# W8 vs W12??



## B5Speedo (May 2, 2001)

Except for the extra 4 cylinders are there any other mechanical differences between these two engines? Such as cam, valve, etc designs? Not including any ECU programming differences.
TIA,
Tom


----------



## bigdude (Apr 16, 2009)

*Re: W8 vs W12?? (B5Speedo)*

I feel confident with a w12-because there is no timing belt-cams are gear driven-less maintanence


----------



## Itzmann (Jan 16, 2006)

*Re: W8 vs W12?? (B5Speedo)*

Somebody correct me if wrong... but isn't the V8 an Audi engine whereas the W12 is a VW original concept, with a legacy design philosophy coming all the way from the 15º narrow-V VR6 from 1991?


_Modified by Itzmann at 6:39 AM 6-20-2009_


----------



## maverixz (Feb 16, 2005)

Based on my limited knowledge, both engines are shared between the high echelons of the V.A.G family.
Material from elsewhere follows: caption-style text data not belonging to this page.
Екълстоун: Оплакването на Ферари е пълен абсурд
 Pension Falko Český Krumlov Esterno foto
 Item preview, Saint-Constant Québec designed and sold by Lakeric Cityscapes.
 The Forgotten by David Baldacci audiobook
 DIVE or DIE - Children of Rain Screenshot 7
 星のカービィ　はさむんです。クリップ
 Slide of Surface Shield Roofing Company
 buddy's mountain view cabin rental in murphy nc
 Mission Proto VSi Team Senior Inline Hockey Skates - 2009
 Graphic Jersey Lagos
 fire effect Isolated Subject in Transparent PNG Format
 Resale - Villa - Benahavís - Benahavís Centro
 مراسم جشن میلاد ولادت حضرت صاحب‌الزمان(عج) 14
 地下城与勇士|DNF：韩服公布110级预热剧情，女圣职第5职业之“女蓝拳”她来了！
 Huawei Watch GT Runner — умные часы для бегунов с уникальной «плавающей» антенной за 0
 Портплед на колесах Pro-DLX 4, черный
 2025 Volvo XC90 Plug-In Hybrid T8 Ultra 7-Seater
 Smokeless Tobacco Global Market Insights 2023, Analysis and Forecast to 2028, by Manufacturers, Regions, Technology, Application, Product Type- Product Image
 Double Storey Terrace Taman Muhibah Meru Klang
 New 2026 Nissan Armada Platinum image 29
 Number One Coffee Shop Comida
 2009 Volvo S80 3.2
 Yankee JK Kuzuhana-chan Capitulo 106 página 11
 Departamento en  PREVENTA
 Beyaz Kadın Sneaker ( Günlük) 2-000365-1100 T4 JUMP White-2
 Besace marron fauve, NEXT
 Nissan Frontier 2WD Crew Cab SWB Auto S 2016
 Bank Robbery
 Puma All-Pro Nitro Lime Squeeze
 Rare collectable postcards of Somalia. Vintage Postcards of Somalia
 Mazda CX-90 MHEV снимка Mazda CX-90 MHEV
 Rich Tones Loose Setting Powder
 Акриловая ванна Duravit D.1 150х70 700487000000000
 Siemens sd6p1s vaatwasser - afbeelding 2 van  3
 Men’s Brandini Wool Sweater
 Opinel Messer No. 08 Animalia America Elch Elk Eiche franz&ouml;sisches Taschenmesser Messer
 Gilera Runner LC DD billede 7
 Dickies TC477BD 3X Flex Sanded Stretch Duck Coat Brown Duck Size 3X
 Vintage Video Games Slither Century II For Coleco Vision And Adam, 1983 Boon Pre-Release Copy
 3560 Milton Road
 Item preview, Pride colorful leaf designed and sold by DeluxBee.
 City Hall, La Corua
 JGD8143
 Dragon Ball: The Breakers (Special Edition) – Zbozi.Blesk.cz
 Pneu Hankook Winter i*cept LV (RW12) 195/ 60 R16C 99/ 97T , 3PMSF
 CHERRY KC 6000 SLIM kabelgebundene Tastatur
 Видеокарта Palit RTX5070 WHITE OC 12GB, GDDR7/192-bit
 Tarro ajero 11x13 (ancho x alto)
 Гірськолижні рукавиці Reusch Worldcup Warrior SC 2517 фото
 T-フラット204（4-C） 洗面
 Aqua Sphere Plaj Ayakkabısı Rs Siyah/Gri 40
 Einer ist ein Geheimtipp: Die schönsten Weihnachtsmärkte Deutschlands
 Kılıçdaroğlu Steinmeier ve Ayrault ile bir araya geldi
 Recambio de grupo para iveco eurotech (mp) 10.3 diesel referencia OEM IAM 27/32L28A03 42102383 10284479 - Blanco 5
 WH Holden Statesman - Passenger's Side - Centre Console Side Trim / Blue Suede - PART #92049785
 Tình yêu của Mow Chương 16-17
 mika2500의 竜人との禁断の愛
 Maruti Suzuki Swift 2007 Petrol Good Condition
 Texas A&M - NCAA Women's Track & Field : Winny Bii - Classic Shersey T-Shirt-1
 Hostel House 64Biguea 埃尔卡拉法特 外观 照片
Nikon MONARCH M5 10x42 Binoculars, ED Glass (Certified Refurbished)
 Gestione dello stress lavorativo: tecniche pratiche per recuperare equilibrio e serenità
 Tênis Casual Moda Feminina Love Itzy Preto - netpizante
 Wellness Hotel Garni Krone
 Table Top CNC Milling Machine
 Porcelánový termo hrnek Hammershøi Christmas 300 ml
The W12 first came into production in 2001 for the A8 but was not available in the North American versions.


----------



## B5Speedo (May 2, 2001)

*Re: W8 vs W12?? (bigdude)*


_Quote, originally posted by *bigdude* »_I feel confident with a w12-because there is no timing belt-cams are gear driven-less maintanence

There is no timing belt in the W8 either. It's all chain driven.
IIRC the W16 in the Bugatti Veyron is basically two W8s together with 4 turbos.
Audi decided they didn't not want the W8 and designed the 4.2L V8 instead for more horse power.


_Modified by B5Speedo at 11:19 PM 6-19-2009_


----------



## chrisj428 (Feb 26, 2005)

*Re: W8 vs W12?? (B5Speedo)*

Tom,
There are HUGE differences between the two engines.
For starters:
V8 4.2 litre
* 90° angle design
* 5 valve per cylinder heads
* Timing belt
* Shares architecture with the 2.8 litre 40 valve V6 engine in Passats, et. al.
W12 6.0 litre
* 70° angle design (90° effective angle, outer bank to outer bank)
* 4 valve per cylinder heads
* Timing chain
*Share architecture with the 4.0 litre 32 valve W8 engine in the Passat.
The VR6 engine was designed in response to Wolfsburg wanting a V6 engine in a transverse mount application (i.e. Mark III GTI). There was enough room in the latitude direction, but front-back spacing was going to require a redesign. So, the engineers developed a 15° V6 engine with one cylinder head. Because this engine shared architecture with both "v" engines and inline engines, it came to be known as the "VR" engine (with the R standing for Reihen, German for "in a line").
When the D1 (Phaeton) was evolving, now the engineers wanted to put a 12 cylinder engine in a vehicle without extending its proboscis. Again, there was plenty of side-to-side room. They took the VR design and adapted it to a longitudinally-oriented application and the W12 was built (after being test-muled as a W8 in the Passat first -- simply a means to an end).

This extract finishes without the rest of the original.